Work task: Please give back the listing below word for word, without the images.

=== Begin Enclosure ===

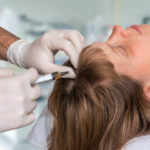 PRPHairTreatment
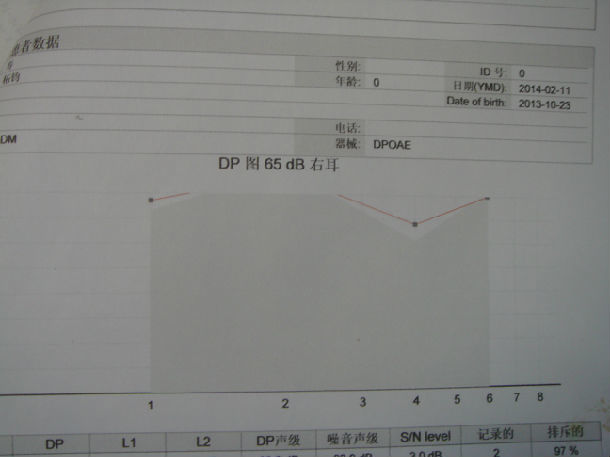 检查见患儿发育正常,营养中等,双耳鼓膜完整,标志清楚,耳声发射双耳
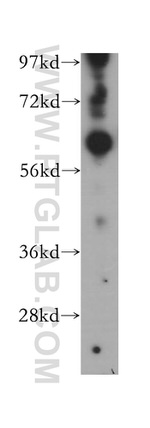 WARS2 Antibody in Western Blot (WB)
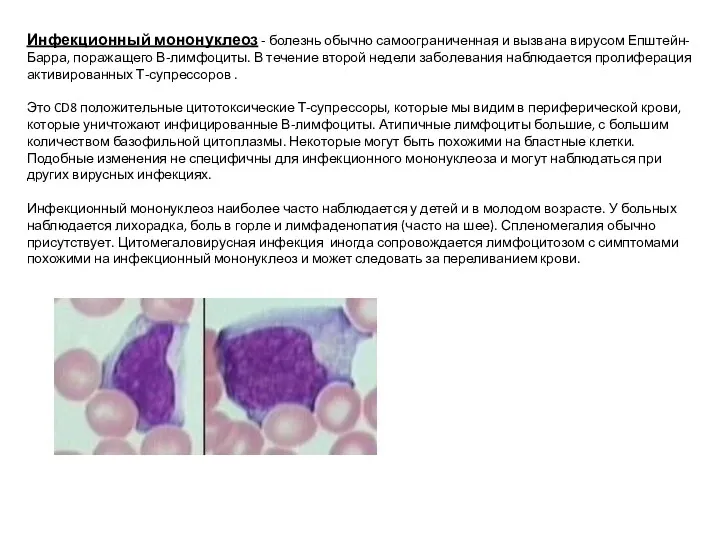 Инфекционный мононуклеоз - болезнь обычно самоограниченная и вызвана вирусом Епштейн-Барра,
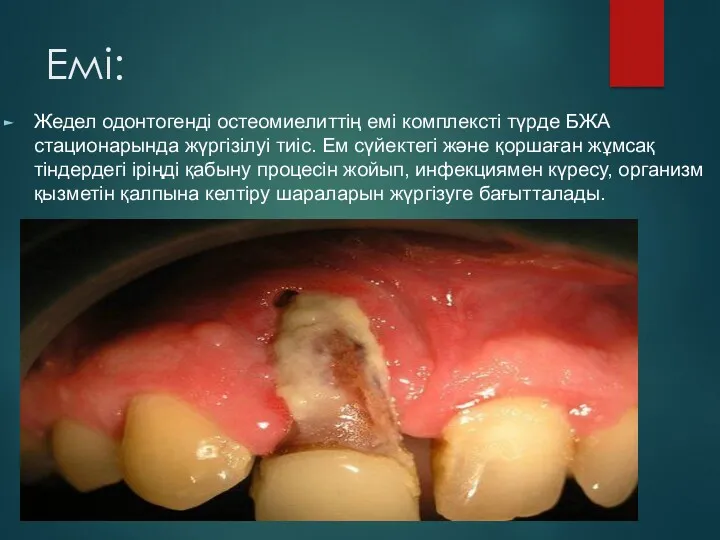 Емі: Жедел одонтогенді остеомиелиттің емі комплексті түрде БЖА стационарында жүргізілуі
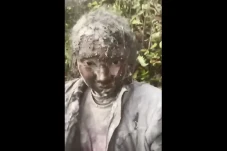 Kondisi Pilu Zhafirah,...
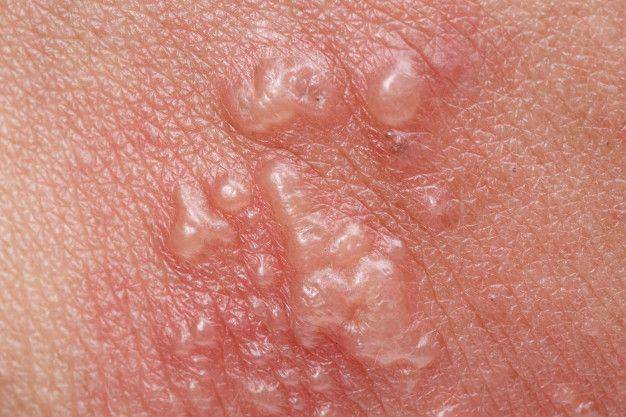 ilustrasi herpes zoster di kulit tangan (freepik.com/toa55)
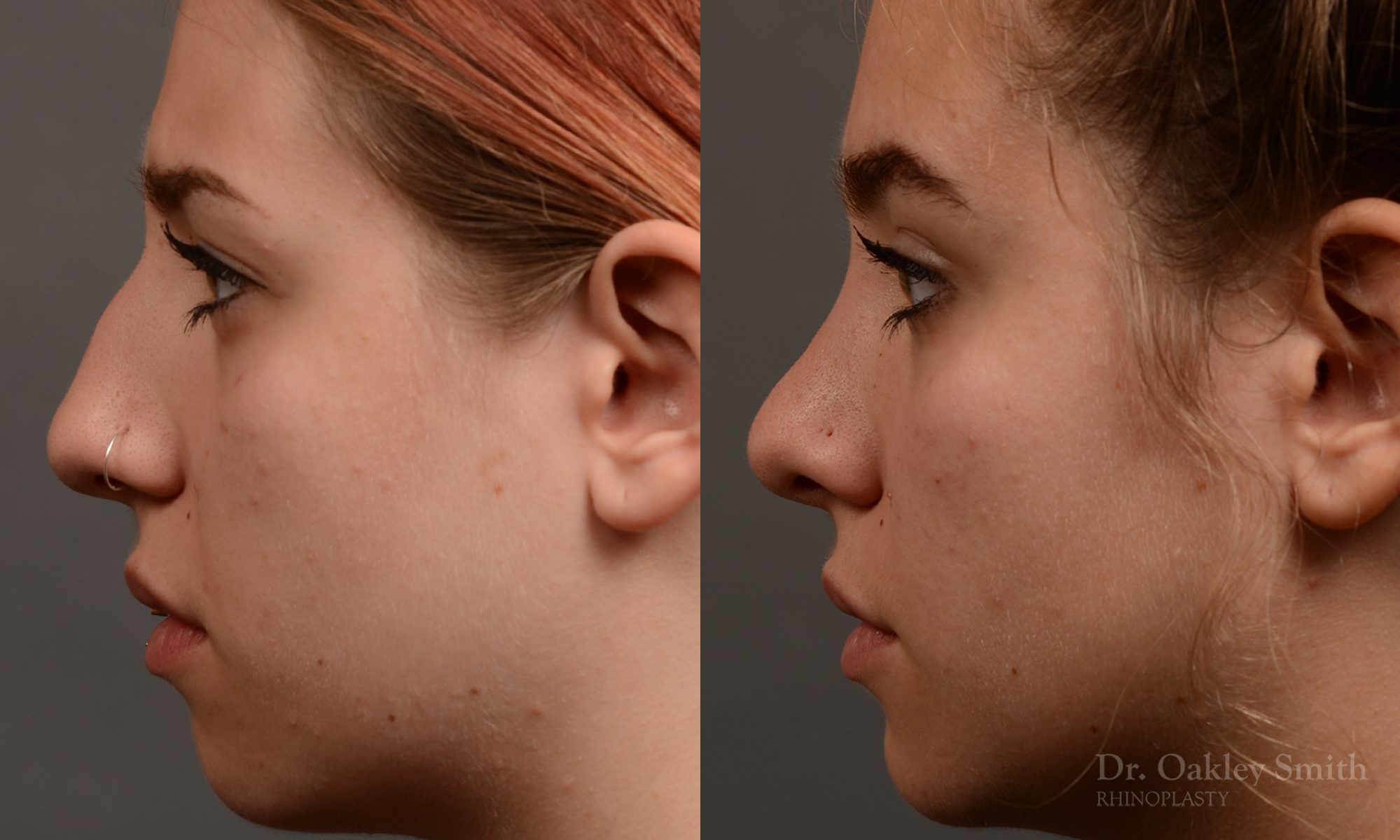 rhinoplasty Nothing demonstrates the skillful craftsmanship that Dr. Oakley Smith accomplishes during his surgeries than a collection of before and after case studies. As one of a hand full of surgeons in North America who limits his practice to only Rhinoplasty surgery, it is obvious that he has mastered his art. There is no question why he is one of the busiest cosmetic nose job surgeons in the country.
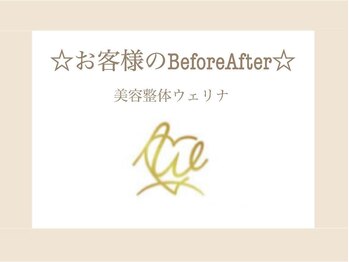 ウェリナ 一宮院/7.【小顔矯正before→after】
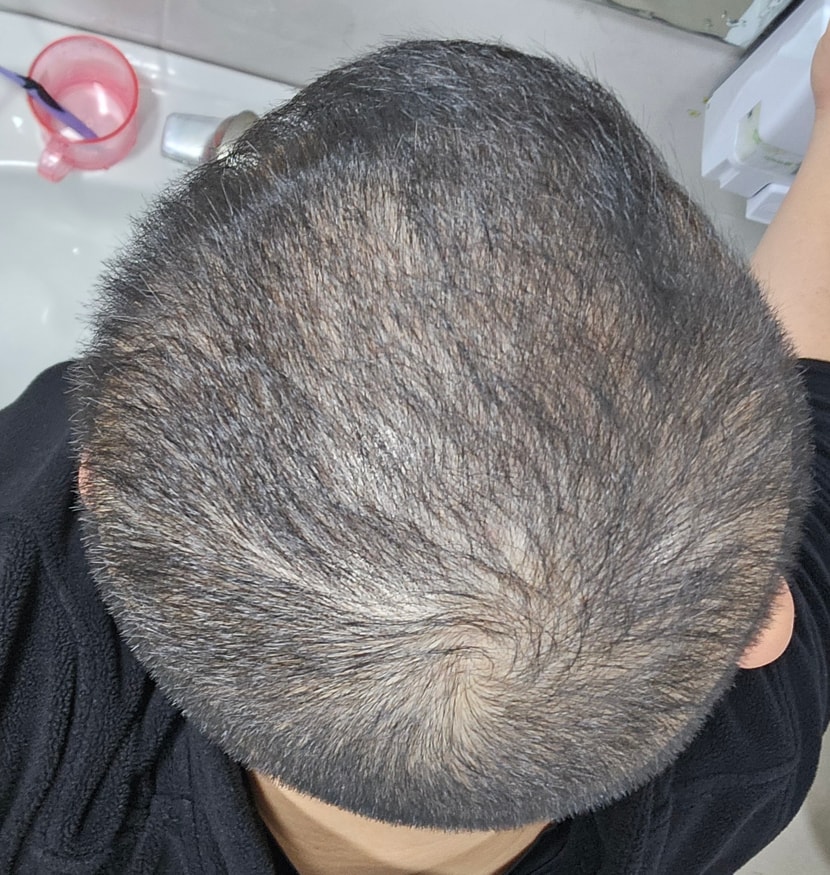 2달전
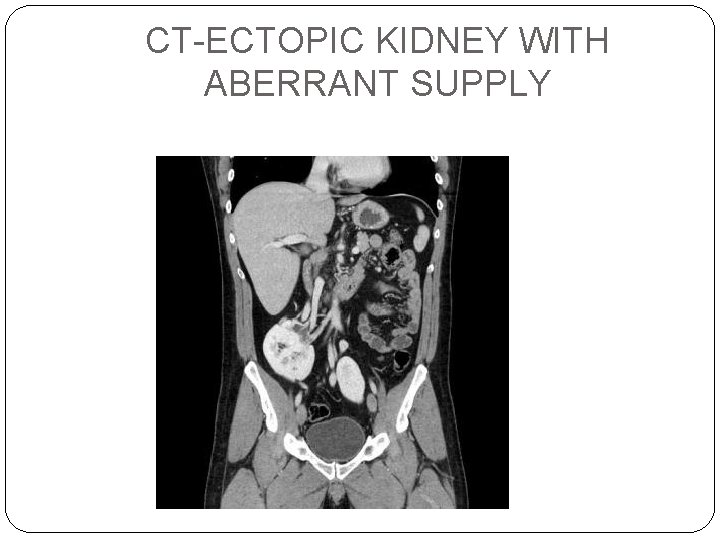 CT-ECTOPIC KIDNEY WITH ABERRANT SUPPLY 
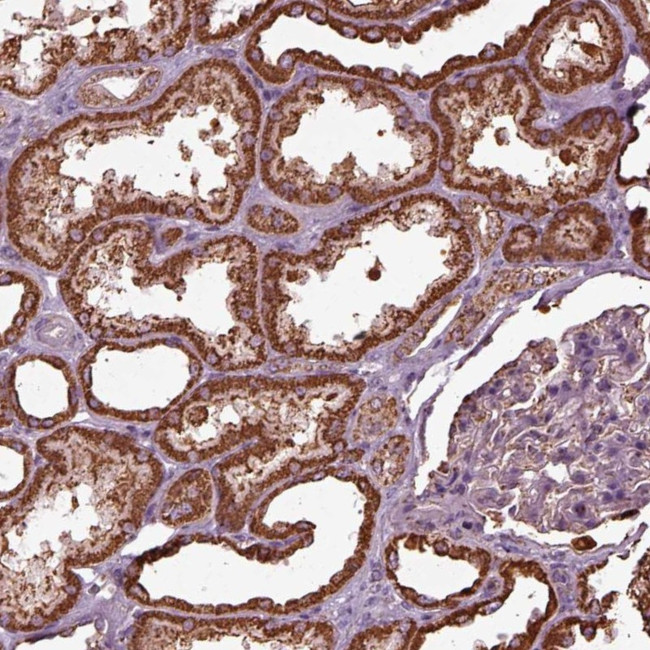 TMEM254 Antibody in Immunohistochemistry (Paraffin) (IHC (P))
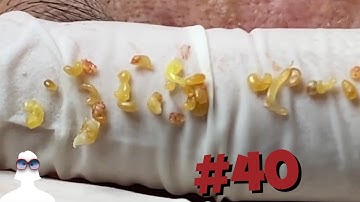 This Week in PIMPLE  POPPING #40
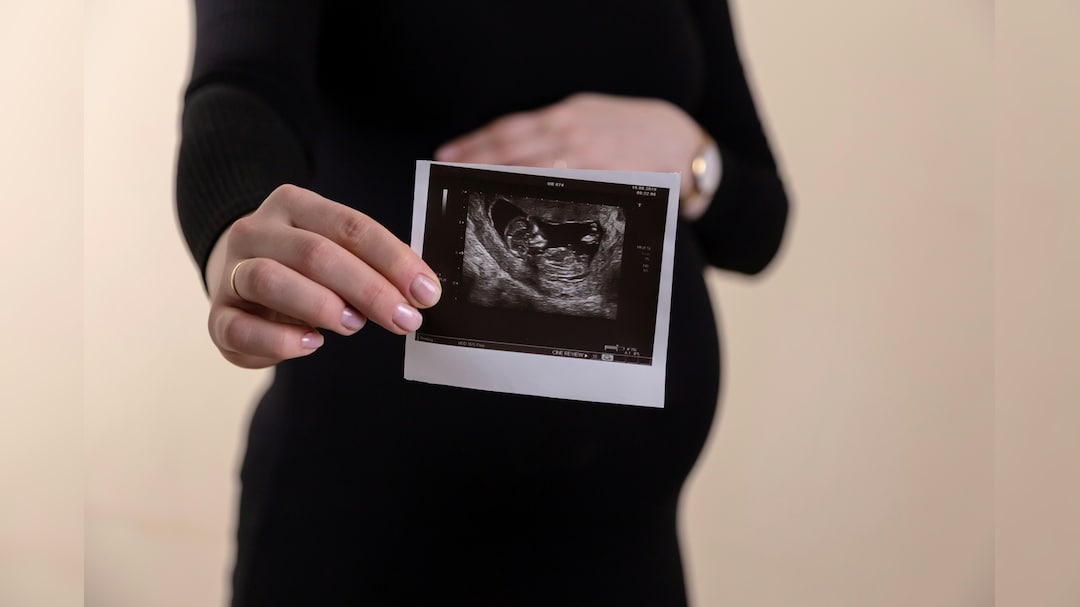 Gaudium IVF IPO Opens Feb. 20: Check Price Band, GMP And Other Details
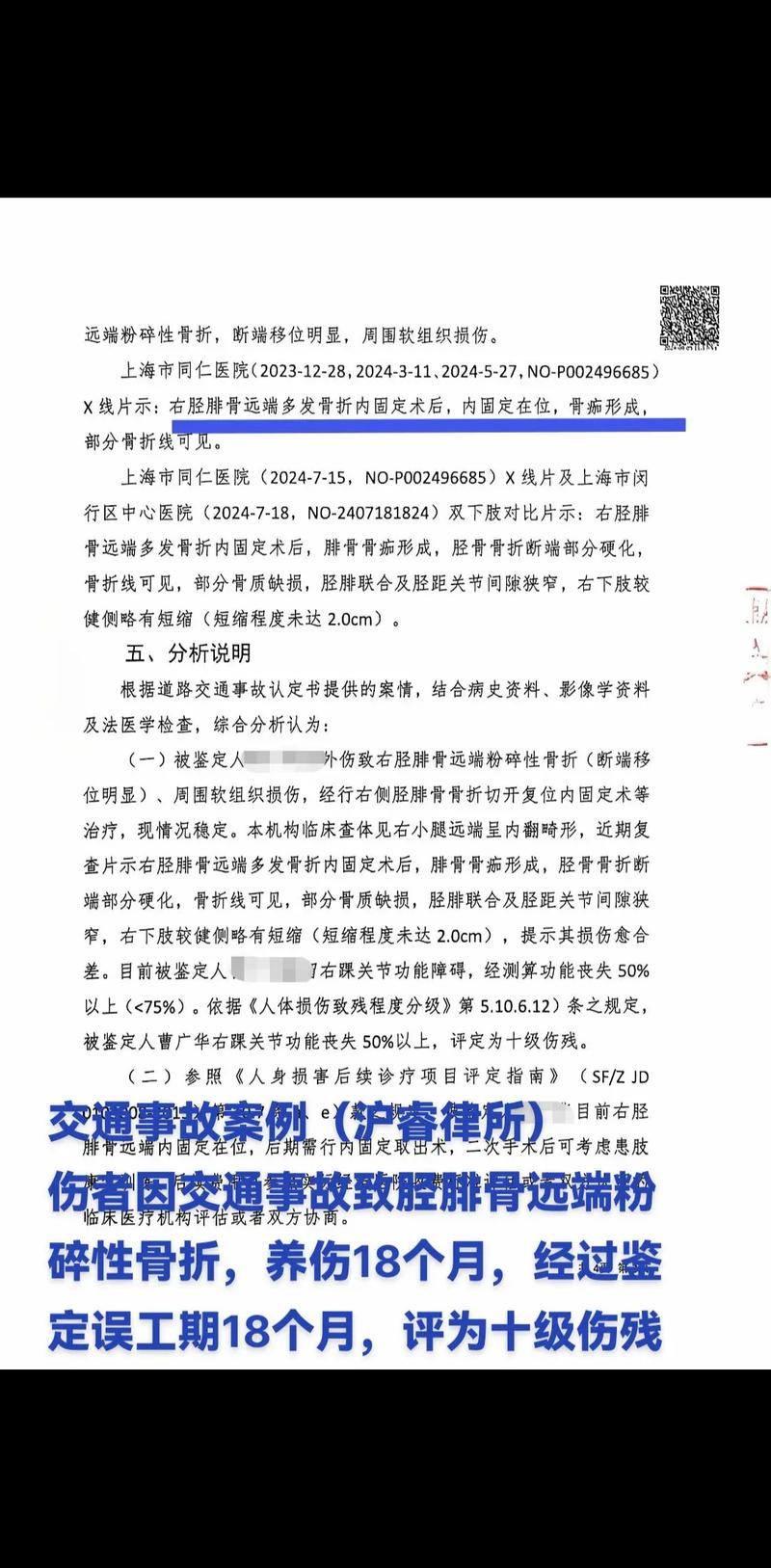 小腿骨折工伤能评几级？赔偿项目和标准详解
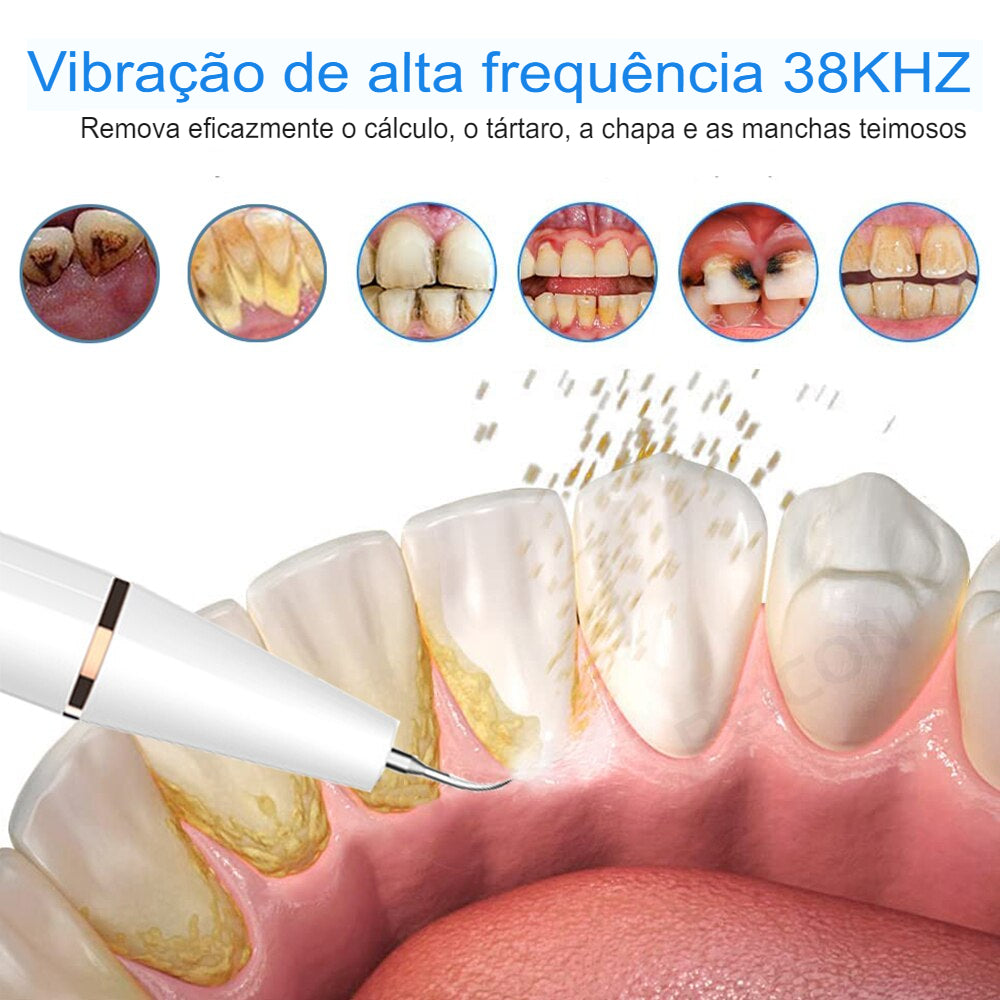 Ultrasonic Dental Scaler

=== End Enclosure ===

Output below:
 PRPHairTreatment
 检查见患儿发育正常,营养中等,双耳鼓膜完整,标志清楚,耳声发射双耳
 WARS2 Antibody in Western Blot (WB)
 Инфекционный мононуклеоз - болезнь обычно самоограниченная и вызвана вирусом Епштейн-Барра,
 Емі: Жедел одонтогенді остеомиелиттің емі комплексті түрде БЖА стационарында жүргізілуі
 Kondisi Pilu Zhafirah,...
 ilustrasi herpes zoster di kulit tangan (freepik.com/toa55)
 rhinoplasty Nothing demonstrates the skillful craftsmanship that Dr. Oakley Smith accomplishes during his surgeries than a collection of before and after case studies. As one of a hand full of surgeons in North America who limits his practice to only Rhinoplasty surgery, it is obvious that he has mastered his art. There is no question why he is one of the busiest cosmetic nose job surgeons in the country.
 ウェリナ 一宮院/7.【小顔矯正before→after】
 2달전
 CT-ECTOPIC KIDNEY WITH ABERRANT SUPPLY 
 TMEM254 Antibody in Immunohistochemistry (Paraffin) (IHC (P))
 This Week in PIMPLE  POPPING #40
 Gaudium IVF IPO Opens Feb. 20: Check Price Band, GMP And Other Details
 小腿骨折工伤能评几级？赔偿项目和标准详解
 Ultrasonic Dental Scaler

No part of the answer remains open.